Recorded data START
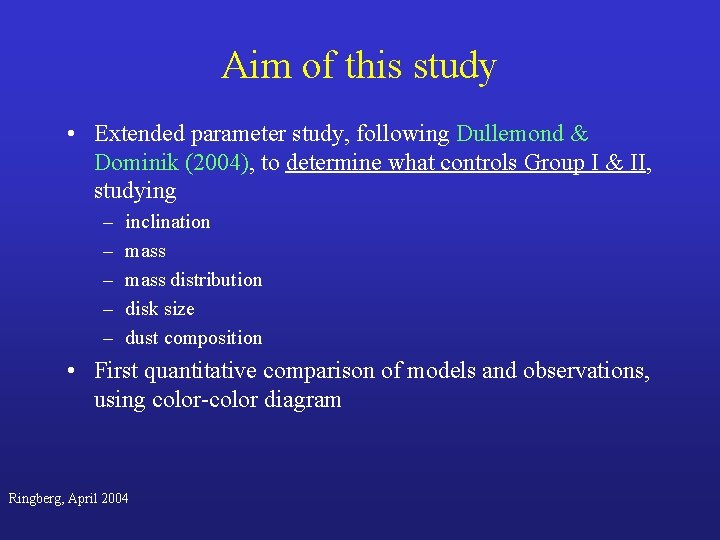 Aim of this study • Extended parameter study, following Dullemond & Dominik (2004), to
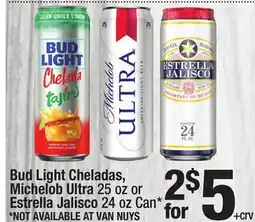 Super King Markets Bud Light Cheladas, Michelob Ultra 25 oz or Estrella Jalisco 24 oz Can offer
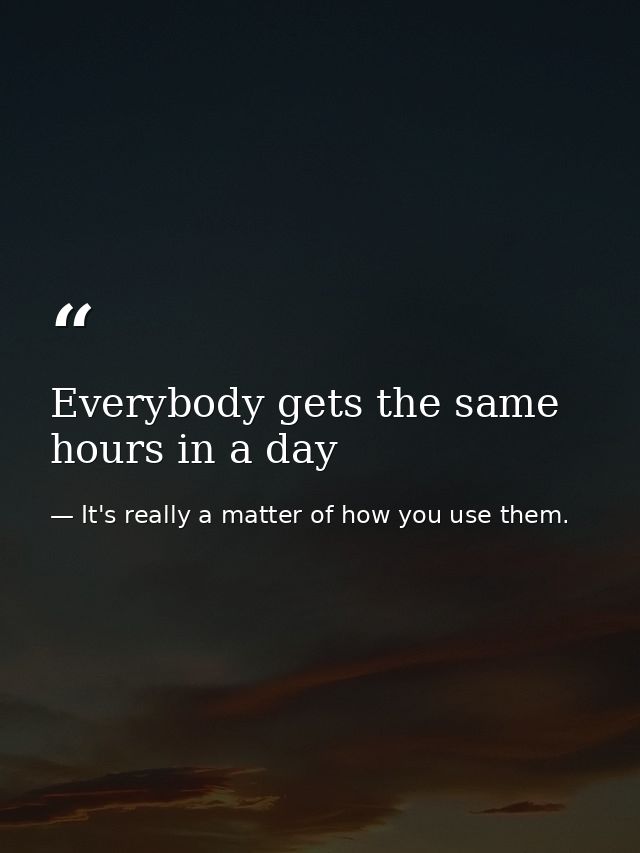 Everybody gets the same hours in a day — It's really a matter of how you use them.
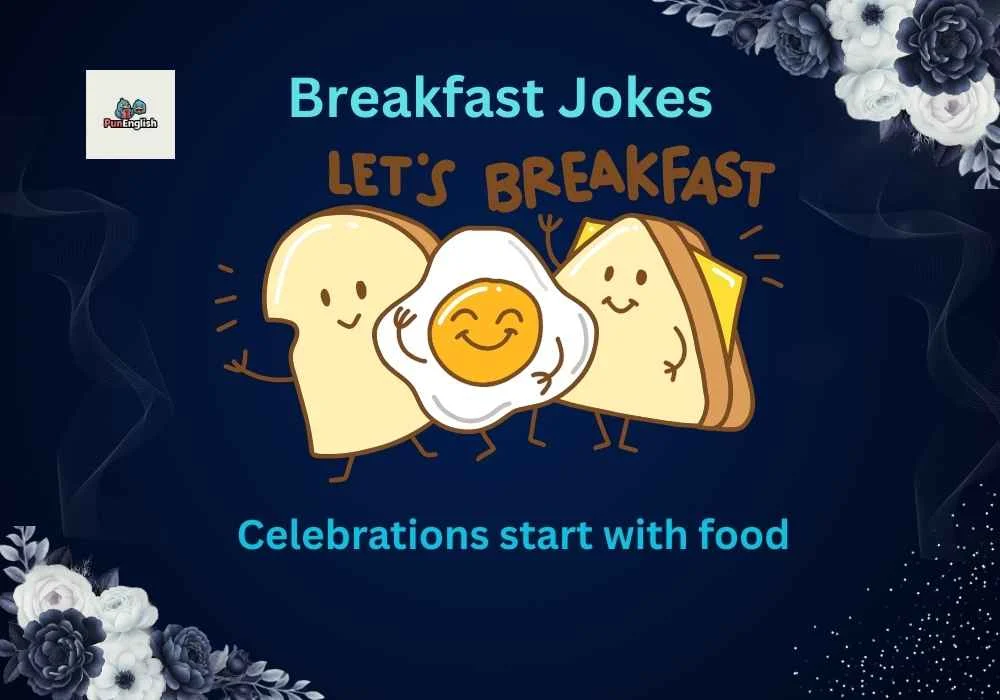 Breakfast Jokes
Recorded data END
▶ [What you have to do] Omit the pictures and output all of the other material exactly.

▶ [Response to the exercise]
 Aim of this study • Extended parameter study, following Dullemond & Dominik (2004), to
 Super King Markets Bud Light Cheladas, Michelob Ultra 25 oz or Estrella Jalisco 24 oz Can offer
 Everybody gets the same hours in a day — It's really a matter of how you use them.
 Breakfast Jokes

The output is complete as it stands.